*ABOUT THIS TASK*: In the data below, find the line containing "Multi-Colored Silk Loafer Shoes by KANVAS" and the line containing "Drawbridge and windmill postcard", then reproduce them and every line between, exactly. Omit pictures.

*THE INPUT*:
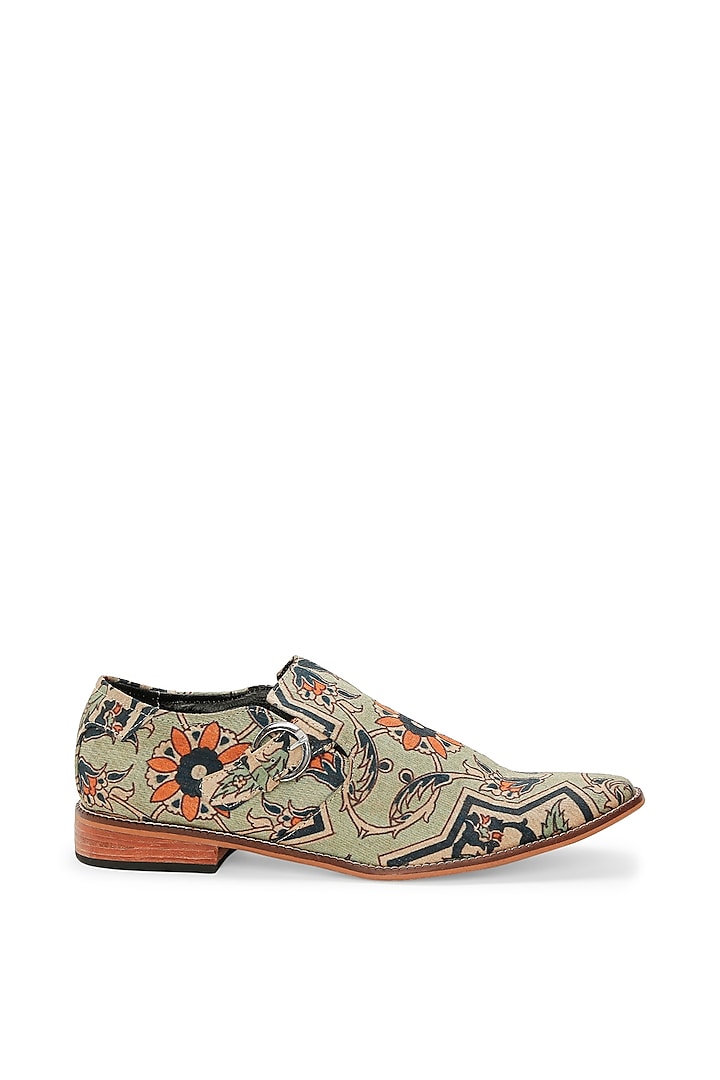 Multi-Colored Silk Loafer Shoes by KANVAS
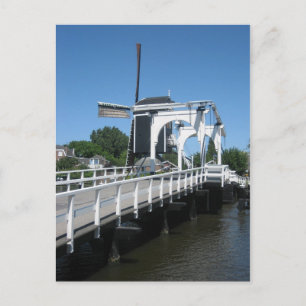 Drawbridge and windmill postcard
* * *
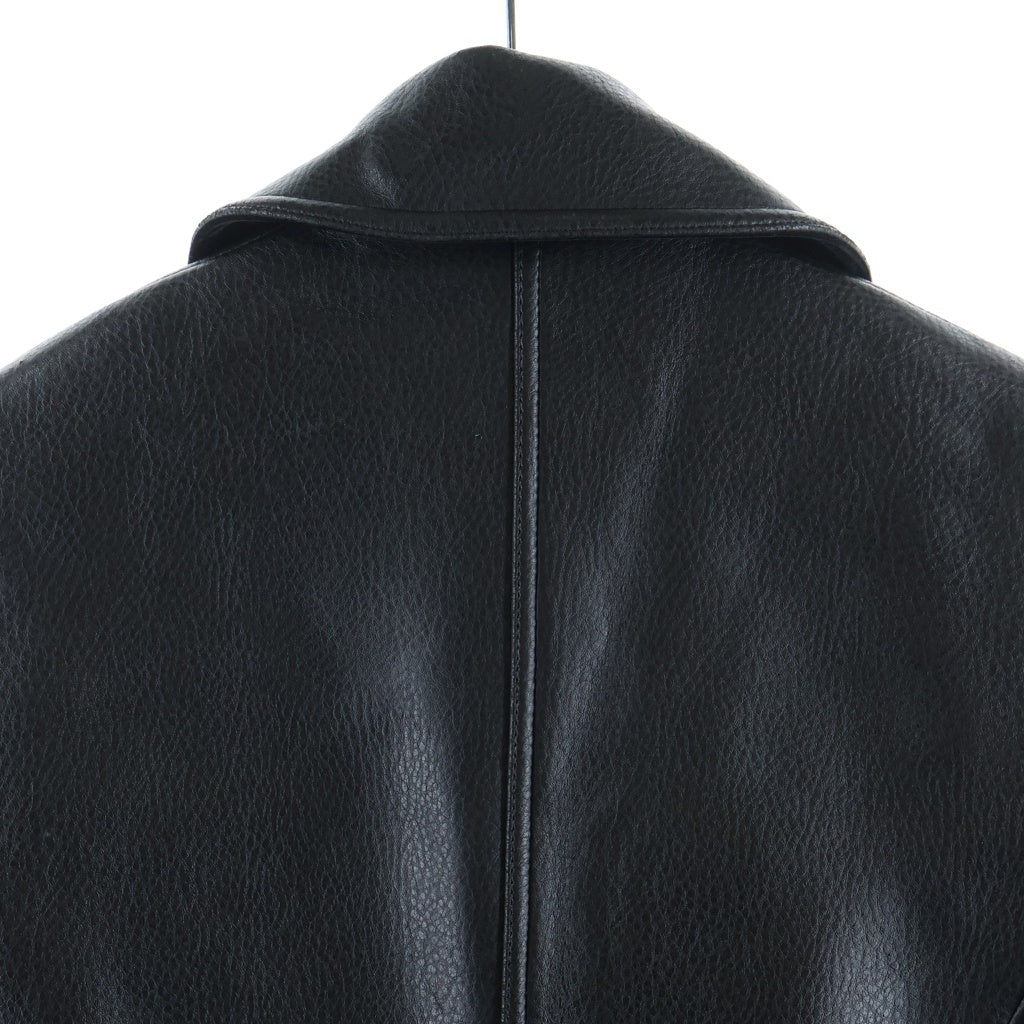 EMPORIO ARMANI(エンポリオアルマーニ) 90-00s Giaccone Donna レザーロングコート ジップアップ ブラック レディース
--
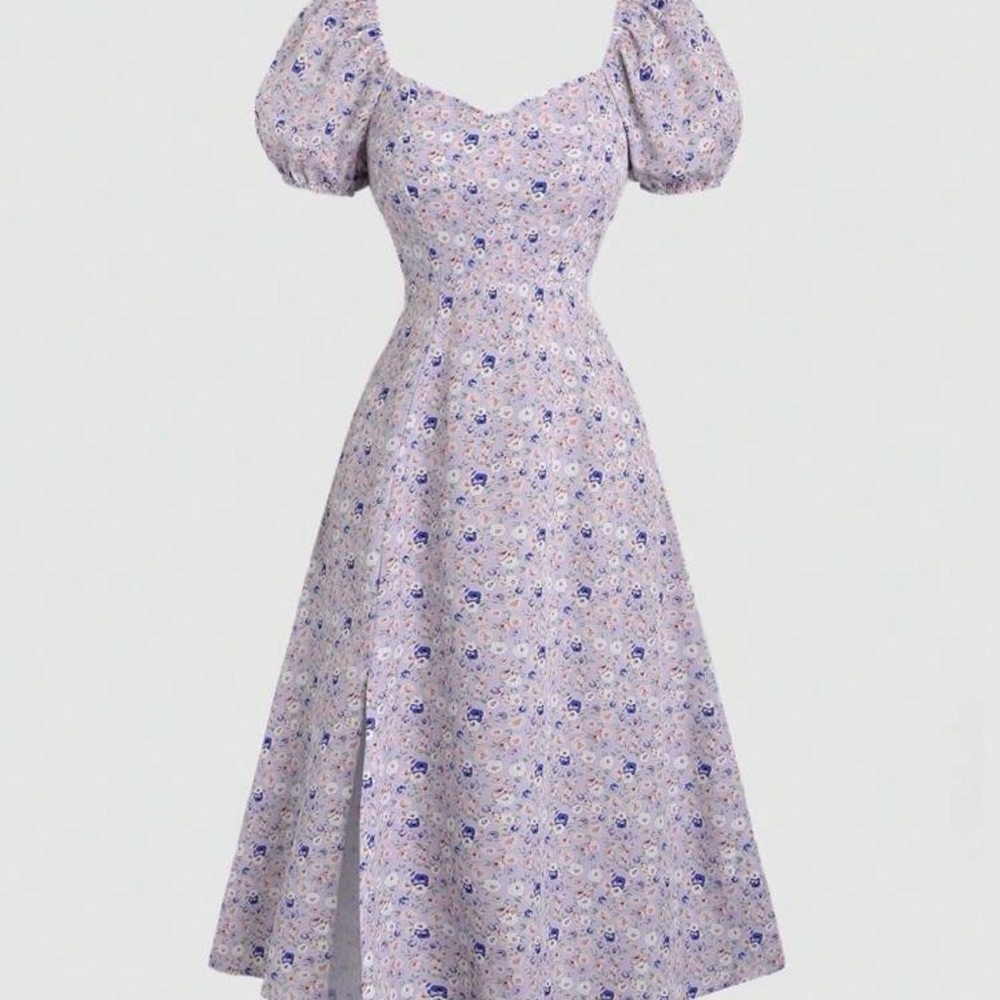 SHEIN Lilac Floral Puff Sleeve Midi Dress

*ANSWER FOR THE TASK*:
 Multi-Colored Silk Loafer Shoes by KANVAS
 Drawbridge and windmill postcard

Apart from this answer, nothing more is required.